* [TASK DESCRIPTION]
Retype each line of the listing below, from the first through the one holding "an empty room with chandelier fan and windows", with no other lines.
- - -
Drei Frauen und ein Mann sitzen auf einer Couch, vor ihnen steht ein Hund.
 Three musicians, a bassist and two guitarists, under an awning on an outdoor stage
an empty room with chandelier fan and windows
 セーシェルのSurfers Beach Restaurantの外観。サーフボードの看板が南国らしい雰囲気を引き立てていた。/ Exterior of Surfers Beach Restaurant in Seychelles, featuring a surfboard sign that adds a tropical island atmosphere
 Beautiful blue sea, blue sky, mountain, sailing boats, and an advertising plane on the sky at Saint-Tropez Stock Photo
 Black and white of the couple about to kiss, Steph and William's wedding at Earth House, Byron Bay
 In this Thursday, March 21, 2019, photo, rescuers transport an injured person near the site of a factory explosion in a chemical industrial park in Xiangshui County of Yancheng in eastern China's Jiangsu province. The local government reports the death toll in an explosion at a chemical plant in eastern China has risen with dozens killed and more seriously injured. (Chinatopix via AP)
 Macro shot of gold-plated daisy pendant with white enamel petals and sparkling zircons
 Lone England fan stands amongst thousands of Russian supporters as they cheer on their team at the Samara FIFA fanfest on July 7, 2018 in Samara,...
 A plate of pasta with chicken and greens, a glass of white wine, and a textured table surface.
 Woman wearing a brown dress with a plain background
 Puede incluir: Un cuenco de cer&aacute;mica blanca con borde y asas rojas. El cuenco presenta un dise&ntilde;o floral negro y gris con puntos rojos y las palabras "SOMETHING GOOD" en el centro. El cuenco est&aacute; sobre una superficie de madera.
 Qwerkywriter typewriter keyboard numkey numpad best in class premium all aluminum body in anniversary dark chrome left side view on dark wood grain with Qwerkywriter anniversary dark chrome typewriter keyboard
- - -
* [SOLUTION TO THIS PROBLEM]
Drei Frauen und ein Mann sitzen auf einer Couch, vor ihnen steht ein Hund.
 Three musicians, a bassist and two guitarists, under an awning on an outdoor stage
an empty room with chandelier fan and windows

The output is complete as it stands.